SYLLABUS BY THE COURT.
VERDICT -- Contrary to the Evidence -- Excessive or Inadequate Award. Where the sole question submitted to a jury is whether the plaintiff is entitled to recover upon a contract and there is no dispute concerning the amount nor any basis for a finding that the defendant owes a less sum than that claimed, a verdict for half the amount should not be received, and if received should be set aside as contrary to the evidence at the instance of either party.
J. R. Hamilton, for the appellant.
L. H. Thompson, for the appellee.
G. W. Bressler sued George McVey for a real-estate broker's commission. He asserted that a contract had been made by which if he found a purchaser he was to receive whatever the property brought in excess of $ 7000; that he had procured a customer ready and able to take it at $ 7500, but that the defendant, without just cause, refused to convey. While the answer was a general denial, the defense developed at the trial was that the plaintiff's agency was not exclusive, and that before his negotiations culminated a sale had been made to another buyer. There was no dispute as to the amount of the commission--the only controversy was whether it had been earned. The jury, however, returned a verdict for the plaintiff for $ 250, upon which judgment was rendered, from which the defendant appeals.

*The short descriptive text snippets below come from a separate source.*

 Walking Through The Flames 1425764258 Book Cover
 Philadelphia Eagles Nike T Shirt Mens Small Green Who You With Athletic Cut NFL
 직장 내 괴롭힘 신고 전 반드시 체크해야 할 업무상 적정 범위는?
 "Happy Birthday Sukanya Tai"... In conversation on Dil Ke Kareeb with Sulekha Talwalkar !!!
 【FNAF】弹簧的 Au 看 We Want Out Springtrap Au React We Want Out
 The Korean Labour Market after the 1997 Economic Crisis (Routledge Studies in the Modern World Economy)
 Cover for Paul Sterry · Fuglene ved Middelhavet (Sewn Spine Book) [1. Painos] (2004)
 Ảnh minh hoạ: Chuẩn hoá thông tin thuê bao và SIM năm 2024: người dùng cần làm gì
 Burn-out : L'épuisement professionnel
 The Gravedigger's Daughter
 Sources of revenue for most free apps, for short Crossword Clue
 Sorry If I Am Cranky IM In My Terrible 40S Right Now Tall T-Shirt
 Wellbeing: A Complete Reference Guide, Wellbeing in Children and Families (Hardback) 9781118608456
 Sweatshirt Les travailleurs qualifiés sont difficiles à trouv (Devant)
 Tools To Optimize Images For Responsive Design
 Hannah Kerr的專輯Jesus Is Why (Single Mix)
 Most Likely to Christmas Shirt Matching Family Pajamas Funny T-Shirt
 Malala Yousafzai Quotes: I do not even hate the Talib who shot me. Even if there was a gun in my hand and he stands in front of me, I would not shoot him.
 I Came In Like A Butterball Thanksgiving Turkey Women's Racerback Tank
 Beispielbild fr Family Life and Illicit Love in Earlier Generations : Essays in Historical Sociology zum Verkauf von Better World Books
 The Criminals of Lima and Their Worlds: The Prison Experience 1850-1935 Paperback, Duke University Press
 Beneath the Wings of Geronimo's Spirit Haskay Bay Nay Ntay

The appellant claims that the judgment should not stand because it is contrary to the evidence, inasmuch as, whatever view may have been taken of the conflicting testimony, the plaintiff was entitled to $ 500 or to nothing at all. The appellee seeks to answer this contention by saying that a party can not complain that a judgment against him is too small. That, however, is not the ground of the appellant's complaint. He finds fault with the judgment, not because it is not large enough, but because it rests upon a verdict utterly without support in the evidence. If the verdict could be construed as a finding in favor of the plaintiff it would support a judgment not merely for $ 250, but for $ 500. But it is no more for him than against him. If the jury believed his story they were bound to render a verdict for the full amount. In deciding that he was not entitled to $ 500 they in effect refused to accept his version of the matter. The case was not one where by discrediting a portion of his testimony his claim could be allowed in part, nor was there room for error in computation or for misapprehension in estimating the amount of recovery. The only question submitted to the jury was, Did the plaintiff earn his commission? The process by which the verdict was arrived at is perfectly obvious. If the plaintiff testified truly, the defendant owed him $ 500; if not, there was no indebtedness. The jury were called upon to determine which condition existed, but instead of doing so they assumed to settle the controversy by allowing one-half of the claim and disallowing the other half, no doubt with the idea that "splitting the difference" was a fair method of compromising the dispute. But in this they mistook their function. Each litigant, the defendant no less than the plaintiff, was entitled to an answer to the question the jury were impaneled to determine.